Copy out exactly the stretch of the listing below that begins at the line containing "Woman gazing across" and ends at the line containing "The wedding ceremony", and copy nothing outside it.

- _GIVEN DATA_
══════════════════════════════

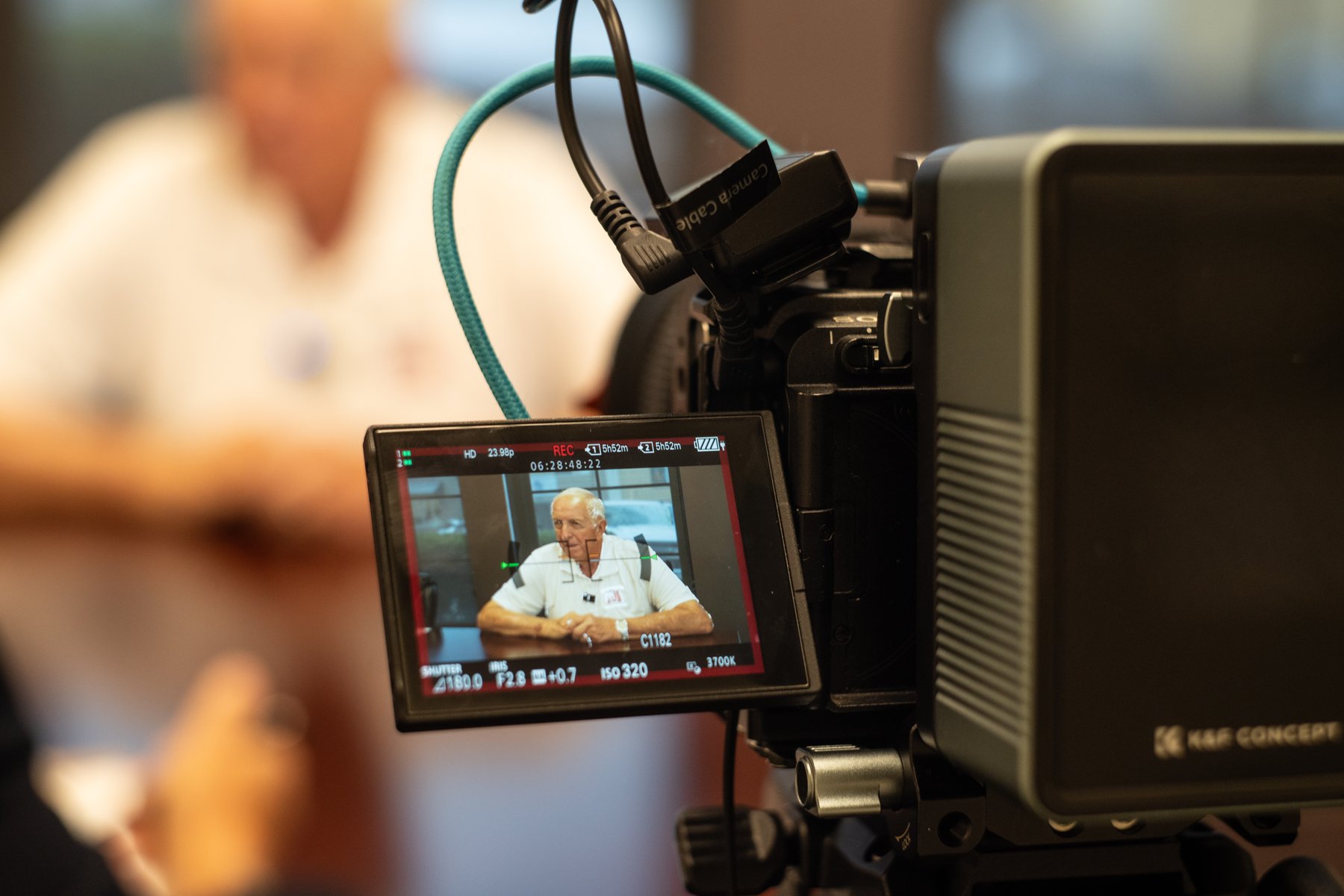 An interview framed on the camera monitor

══════════════════════════════

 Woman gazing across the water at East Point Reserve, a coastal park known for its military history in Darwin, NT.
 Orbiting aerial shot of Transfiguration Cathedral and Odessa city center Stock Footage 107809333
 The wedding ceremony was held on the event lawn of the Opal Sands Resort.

══════════════════════════════

- _EXERCISE RESPONSE_
 Woman gazing across the water at East Point Reserve, a coastal park known for its military history in Darwin, NT.
 Orbiting aerial shot of Transfiguration Cathedral and Odessa city center Stock Footage 107809333
 The wedding ceremony was held on the event lawn of the Opal Sands Resort.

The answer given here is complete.